Alger was not all that bad a writer.

He had a Harvard education behind him, including lots of Latin and Greek and a course or two under Henry Wadsworth Longfellow. A lifelong bachelor, Alger was rather disastrously prone to the unintentional double-entendre --e.g., "Imogene laid herself out to entertain him." But he was also capable of modestly cynical repartee: "When a man gets to be 51, marriage is very hazardous." "It always is."

Alger was no Charles Dickens, but he shared Dickens' social indignation, if not his gift for expressing it. "Fair" and "just" are two of his favorite words, and genuine feeling enters his prose when he describes a skinflint like Snobden or a hypocrite like Gideon Chapin, his chief clerk-- Alger's American Murdstones and Uriah Heeps.

The son of a debt-ridden parson, Alger did not have to invent his scenes of poverty. His happy endings may smack blandly of fantasy, but his harsh beginnings have the bite of realism. Like all Alger heroes, Frank Manton is first and last a survivor in a tough world -- a world, Alger makes protestingly plain, of child labor, a world in which a wom an working as a seamstress might earn as little as 25-c- a day.

Like Dickens, Alger loved this world despite all the cruelty and cor ruption. His Wall Street district scenes give off a certain jolly hum. He describes a midtown brownstone as if his nose were pressed against the window. Writing of nickel rides on the el or six-course meals (wine included) for 75-c-, he exudes a kind of festivity.

Reading an Alger novel, Playwright S.N. Behrman once said, is like taking a shower in innocence. Alger could not hate even his villains. The kidnapers in Silas Snobden's Office Boy are half hearted scoundrels, outstandingly stupid rather than wicked.
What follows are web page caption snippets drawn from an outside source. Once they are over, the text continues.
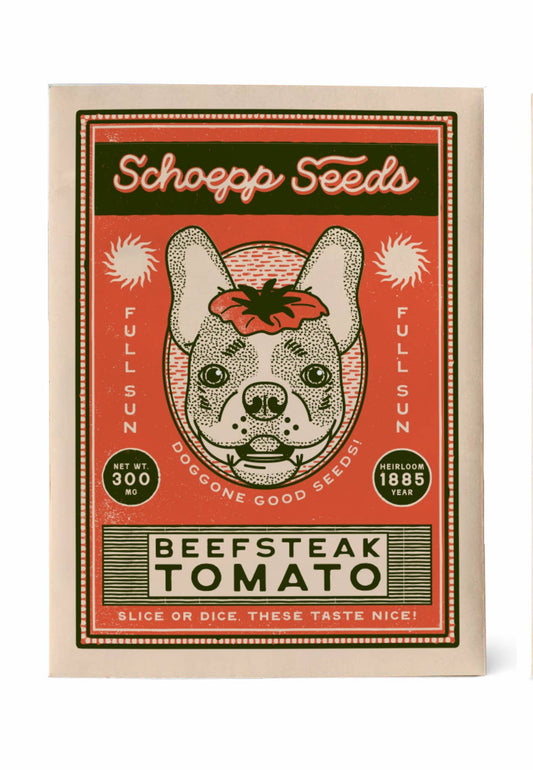 Dog Gone Good Heirloom Beefsteak Tomato Seeds by Schoepp Seeds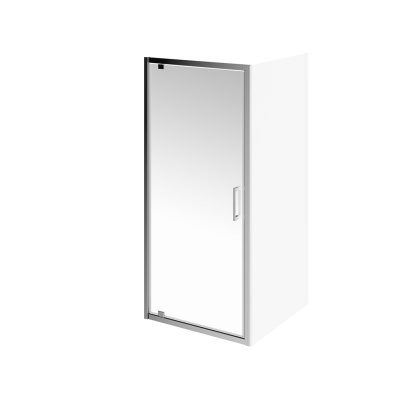 Душевая дверь Vetro/Ветро, распашная, 90х195, хром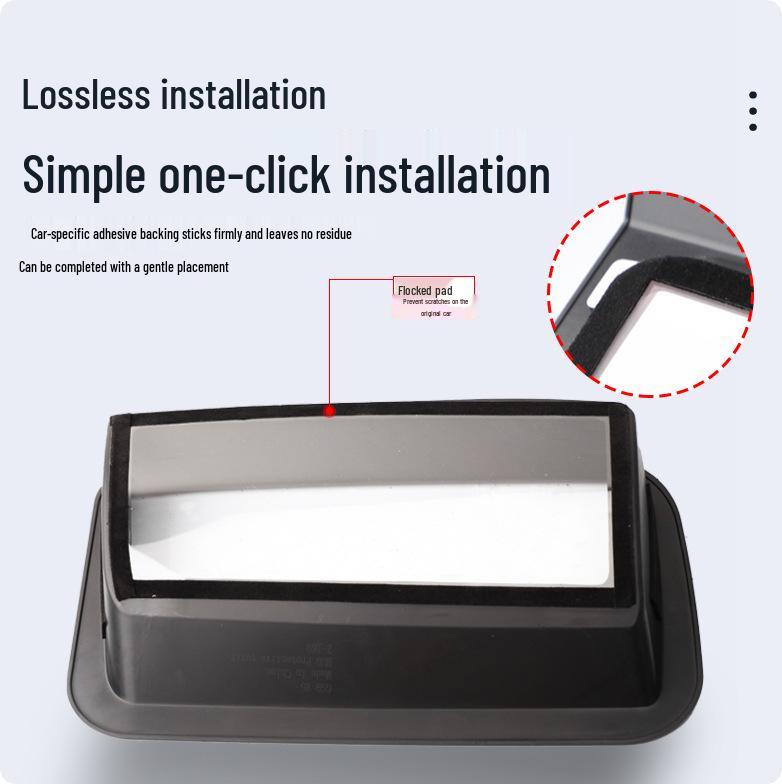 2025 Wey Gaoshan 8/9 HUD Protective Cover for Car Interiors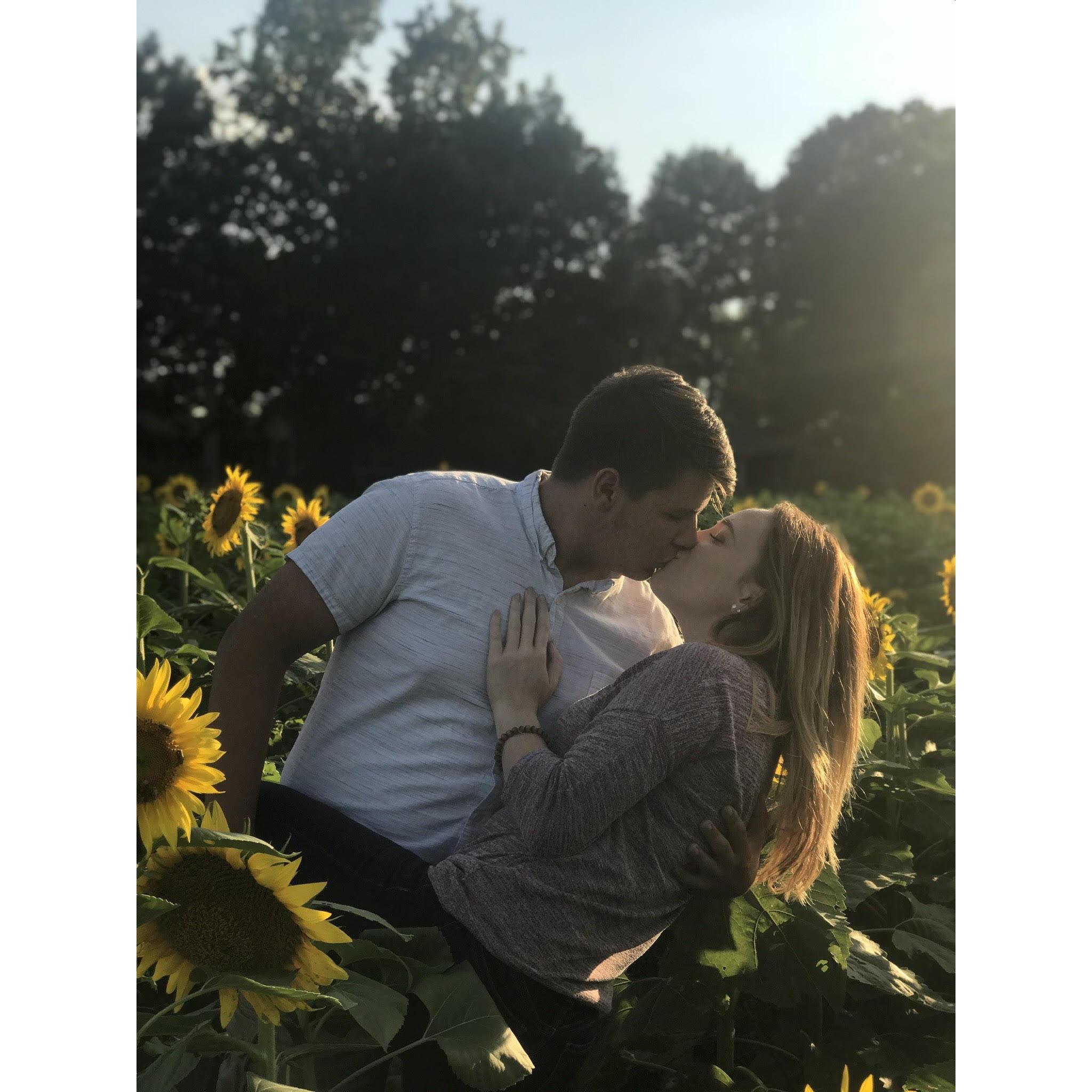Our First Photos together.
From the modern point of view, Alger's supreme folly was to believe that a smart 16-year-old could cope with America's heavies-- to assume that virtue triumphs in the end. So we late 20th century sophisticates giggle, we connoisseurs of the antihero, knowing what we know. Which makes the joke on Horatio Alger, that ridiculous little five-foot fantasist of giant killers. Or does it?